Ensembl API on Windows

Following on from previous installation guides, here we walk the seldom-trodden path to a Windows development environment for Ensembl. Linux and Mac OS users are well served by our Installation and Mac guides, so…

How do I install the Ensembl API on Windows?

Caveat: These methods have been tested on Windows 7 64-bit Home Premium

Method 1, “The easiest way” – Use the Ensembl VM

Ensembl builds a complete downloadable Virtual Machine image that provides everything you need to access Ensembl data. For this you need to install VirtualBox, following our guide. If you really struggle with Linux, you may find the virtual machine hard to use, but take a look at the next section before you give up.

ensembl_desktop

Method 2, “The native way” – Install many dependencies

By default, Windows lacks many of the development tools required to use the Ensembl API. It will take some time to get up and running.

Do What I Mean Perl

This bundle contains a full selection of libraries necessary for modern Perl development. There are other Perl distributions if you prefer, but this one is the most all-inclusive.

An editor

DWIMperl above comes with Padre, a pure Perl editor, but many prefer to write code in other software, such as:

An Archive/zip file extractor

Code and data are often shipped in compressed archive formats. You will want something to manage them, e.g. 7-Zip or the gzip and tar tools brought along with Cygwin.

Git (optional)

Ensembl is changing from CVS to Git and migrating to Github to host our development. After release 75, the use of any version of Ensembl besides the most recent release will probably want to use Git to retrieve the API.

Additional Perl libraries

DWIMperl has installed the excellent tool cpan-minus, which will assist you in installing the Perl libraries needed either by Ensembl, or your own scripts. If Perl declares a library is missing at any stage, cpanm can be used to install it without fuss.

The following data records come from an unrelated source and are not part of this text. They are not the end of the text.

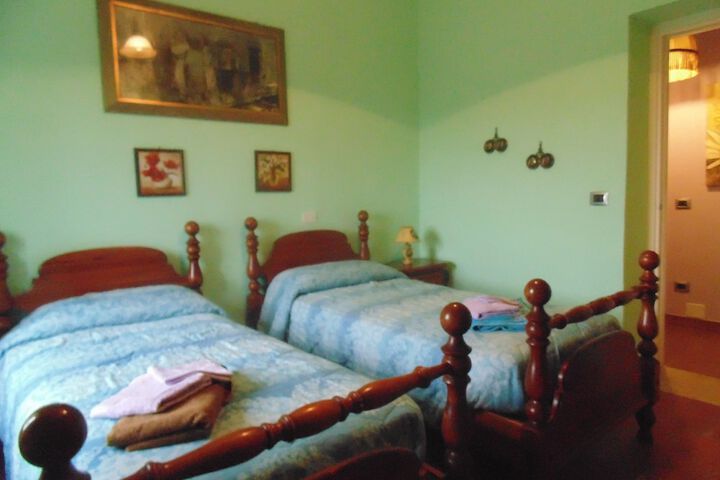 Room 16 of 18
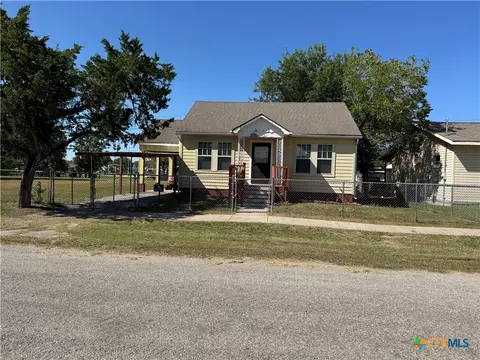 Exterior - 602 E 606 E Clayton St, Cuero, TX 77954 photo 1 of 6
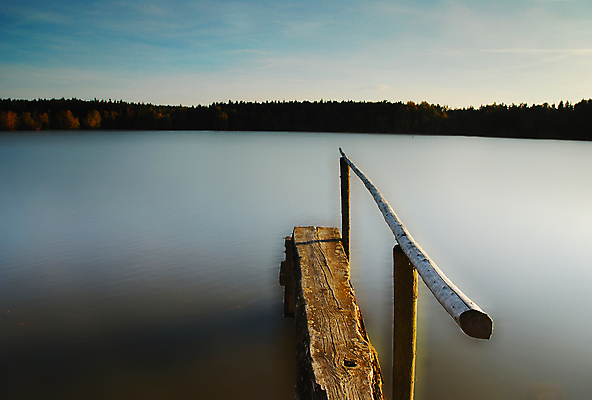 포토 JPG 해외이미지 호수 바다 백그라운드 자연 하늘 풍경 사람없음 목재 물 여름 파란색 평화 항구 검은색 어둠 일몰 흰색 연못 야간 방파제 옛날 수평선 해외202004 해외포토 자연요소 나무 계절 공공시설 컬러 컨셉 재료 교통시설 노을 생태계 파일형식 이미지허브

BioPerl is required for Ensembl, but sadly the CPAN release is not Windows compatible. Therefore it will have to be downloaded manually. Once downloaded it can be unpacked to a directory (for example c:\Users\Me\src) and used.

Ensembl Source

The API itself can be downloaded from our FTP server or retrieved via GitHub. Unpack or git clone into a handy source directory alongside BioPerl.

Set up the environment

Perl needs to know where to find BioPerl and Ensembl. There are CPAN modules to help you manage this, but you can also do it directly in Windows.

Windows system-wide settings can be found in the Control Panel, see the screenshot below. Add the following to your User environment variables, making sure to include the whole path to your downloaded copies of BioPerl and Ensembl API.

PERL5LIB = src\bioperl-1.2.3;
src\ensembl\modules;
src\ensembl-compara\modules;
src\ensembl-variation\modules;
src\ensembl-funcgen\modules

settings

Getting stuff done

You can now launch Perl from within an editor, or through the command shell (windows-r command). A lesser known tool is PowerShell, (windows-r powershell) which is a little more potent than the standard command shell. Both support auto-complete on the tab key in any event.

Change directory to src\ensembl\misc-scripts and test the installation with perl ping_ensembl.pl
It will tell you if you have misconfigured any major components and establish contact with Ensembl databases.

You are now free to work with the Ensembl API as you wish. Good luck with your work!

Appendix: Working with Cygwin

Many developers on the Windows platform use Cygwin to add Unix-like capabilities to Windows. This includes tar, gzip, and an entire Perl installation, not to mention many more. You are free to achieve the same installation as outlined above using Cygwin to manage most of the components required, but will need to manually install many more dependencies. You might still be better off using DWIMperl above to get Perl support along with Cygwin tools.